The strain of Brandywine tomatoes that won visitor’s hearts and votes last year at MU's Bradford Research and Extension Center's annual Tomato Festival won’t even make it into the competition this Thursday.
WHAT: Seventh annual Tomato Festival
WHEN: Thursday, 4- 7:30 p.m.
WHERE: Inside MU's Bradford Research and Extension Center's Conference Center, 4968 Rangeline Road.
But Heatwave and Celebrity, two strong contenders, have thrived. Of the 115 varieties planted at the research farm, they were among the 65 that survived an abundance of heat and a hammering by an early July hailstorm.
“It’s good to have problems,” Tim Reinbott, center superintendent said, “because then you learn from them.”
He now knows that varieties such as the aptly-named Heatwave and commonly-grown Celebrity can take high heat and still produce a healthy crop of tomatoes.
The peppers also fared well. All 60 varieties that were planted will be available for tastings this year.
“They’re a hot weather machine,” Reinbott said.
The peppers are a key ingredient in the different salsas Marilee Knerr, a summer worker at Bradford, will be making for the festival. The peppers range from mild and sweet to fiery hot. And they can be deceptive in appearance.

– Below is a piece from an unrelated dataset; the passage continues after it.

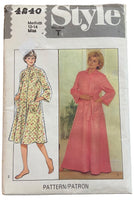 Style 4240 vintage 1980s robe pattern. Bust 34-36 inches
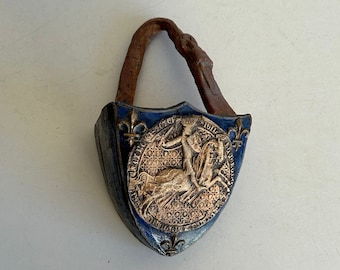 Sculpture - In the shape of a bag - ceramic - decor with a knight's shell / coin - handmade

Reinbott holds out two identical peppers — one a sweet, mild variety called Fooled You* and the other, an intense jalapeño. He grabs one, takes a deep bite and chokes. “That’s the hot one,” he rasps, coughing and spitting. “You have to be careful.”
Happily for visitors, varieties will be labeled when the festival starts on Thursday, and salsa samples will note which peppers are used in each batch. There will be plenty of milk available to help take the sting out of the hotter choices.
Though tomatoes and peppers are the main attraction each year, Reinbott introduced tomatillas three years ago and they have been a popular addition. These small fruits grow inside a husk and their varieties have tastes such as cheese and apples.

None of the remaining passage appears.